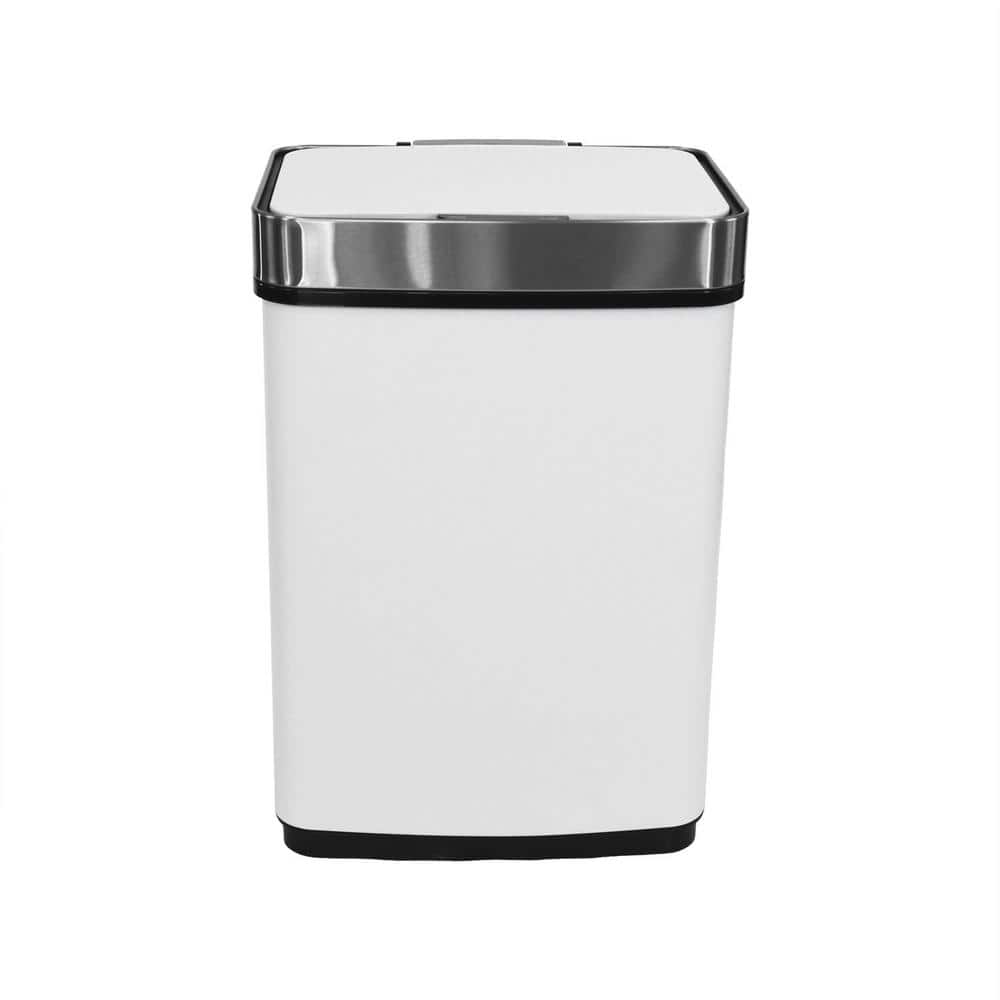 13.2 gal. White Hands-Free Metal Trash Can with Motion Sensor Lid in Finger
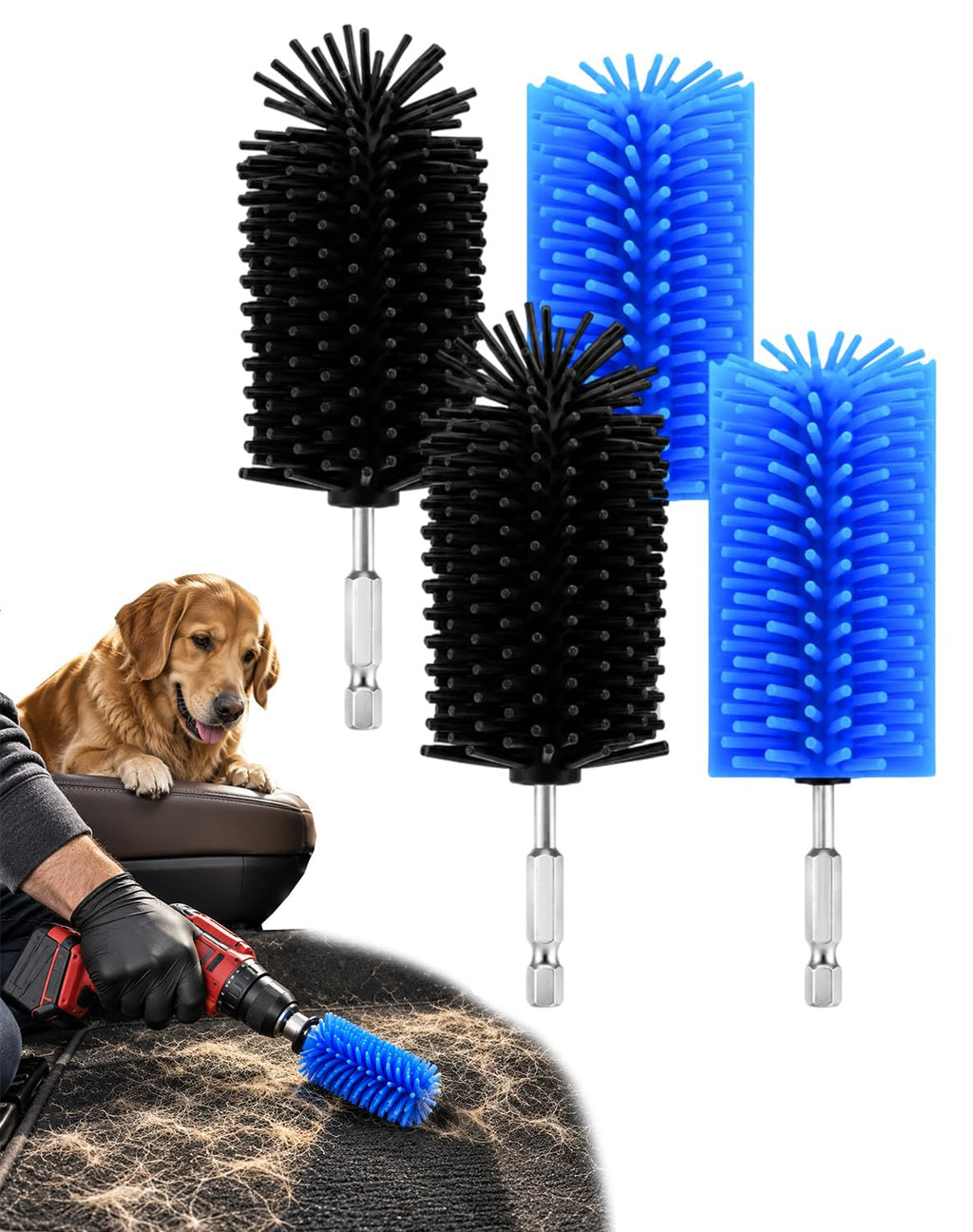 Silicone Drill Brush Pet Hair Removal with Hex Adapters，1 Set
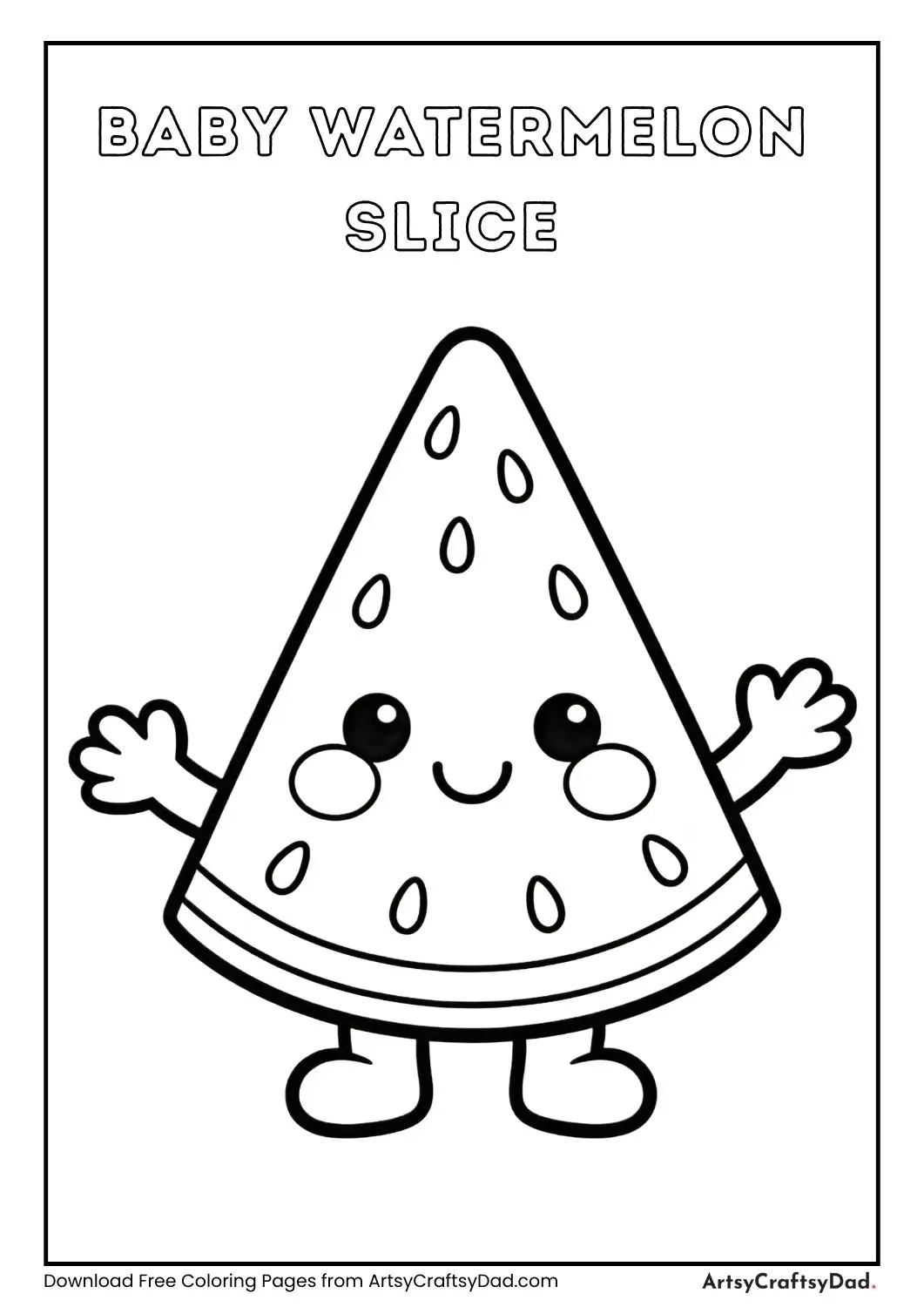 Cute baby watermelon slice coloring page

» **TRY IT**: The output must match, line for line, the span from the line containing "Silicone Drill Brush" through the end of the data, with the pictures removed.

» **RESULT OF THE EXERCISE**:
 Silicone Drill Brush Pet Hair Removal with Hex Adapters，1 Set
 Cute baby watermelon slice coloring page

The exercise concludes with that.